L’un des enjeux pour la R&D aujourd’hui est donc d’arriver à faire voler plusieurs drones ensemble. Une solution pourrait bien venir du contrôle par la pensée. Une équipe de chercheurs de l’Université d’État d’Arizona, dirigée par le professeur Panagiotis Artemiadis, développe ainsi une interface homme-machine (IHM) à cet effet. Le mois dernier, elle a fait la dé- monstration du contrôle de quatre drones par la pensée. Pour cela, le « télépilote » porte un casque équipé de 128 électrodes qui enregistre l’activité de son cerveau. Un PC recueille ensuite ces signaux et les traite afin de décoder les comportements collectifs souhaités pour l’essaim de quadrirotors. Ces comportements sont transmis aux drones qui effectuent le mouvement souhaité.

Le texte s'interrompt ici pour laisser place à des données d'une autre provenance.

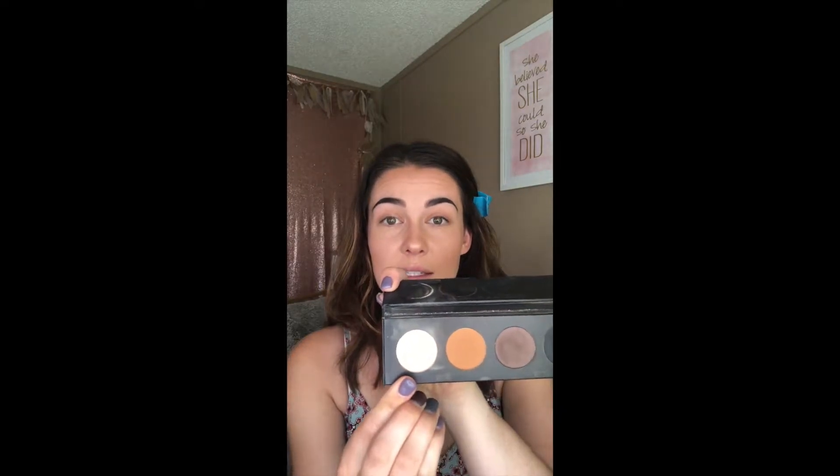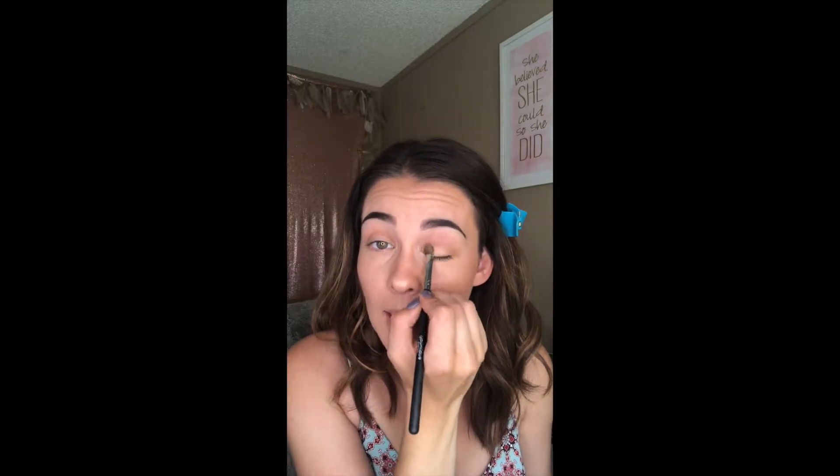For the next color, I'm going to take the Timid color — the lightest color — and I'm going to use Uniqué's deluxe brush. I'm going to dip that in to really pick up the pigment on the brush, and then I'm going to press that in all over my eyelid.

La vraie nouveauté de cette expérience est le contrôle simultané d’une flotte de drone. En effet, il y a déjà eu beaucoup de travail sur le contrôle neuronal des prothèses. Panagiotis Artemiadis et son équipe avaient par exemple déjà démontré le contrôle très précis d’un bras robotisé en utilisant des signaux électromyographiques. En France, une chercheuse de Grenoble a fait voler un drone Parrot par la pensée.

Visualisation

Pour contrôler tous les drones d’un coup, le travail du télépilote ne consiste pas à donner un ordre à chacun mais à la flotte entière. L’humain commande un « comportement global », comme par exemple que la flotte devienne plus ou moins dense ou se mette dans une formation spécifique. Les algorithmes traduisent cet ordre en commandes individuelles pour chaque drone afin qu’ensemble, ils exécutent la commande globale. « Il est bien plus simple pour un humain d’imaginer une formation de drone que de la commander via un joystick », explique Panagiotis Artemiadis afin de justifier l’utilisation de son interface plutôt qu’un ordinateur ou une manette classique.

Le contrôle de drone par la pensée reste néanmoins une prouesse en soi. « Le cerveau est câblé pour contrôler des objets qui ressemblent à des membres humains », explique Panagiotis Artemiadis. « La complexité d’un système qui exige que le cerveau active des zones pour contrôler des artefacts robotiques qui ne ressemblent pas aux membres naturels – dans notre cas, un essaim de drones – est important, et jusqu’à présent, inexplorée ». Jusqu’à il y a quelques mois, personne ne savait que des zones spécifiques du cerveau pouvaient être activées lorsque l’homme observe les comportements collectifs des essaims. « Le fait que le cerveau puisse s’adapter à des actions de contrôle d’un essaim de plusieurs robots est fascinant et très utile pour l’interaction entre humain et robot ».

Vers la complexification

Aujourd’hui, l’expérience est limitée à quatre drones par le matériel dont dispose l’équipe ainsi qu’au vol en intérieur. Mais pour les chercheurs, elle peut être adaptée à dix ou même cent drones. Prochaine étape : être capable de contrôler plusieurs véhicules avec plusieurs personnes ainsi qu’une flotte hybride, à savoir des drones terrestres et aériens. Les applications de ces recherches peuvent aller de la livraison de matériel médical dans des régions éloignées jusqu’à l’exploration d’environnements inconnus, en passant par le survol de zones sinistrées. « Comme la plupart des applications nécessitent la présence d’un être humain dans la boucle, notre travail se concentre sur l’optimisation de l’interface homme – machine afin d’augmenter l’efficacité et la précision de son fonctionnement », résume Panagiotis Artemiadis.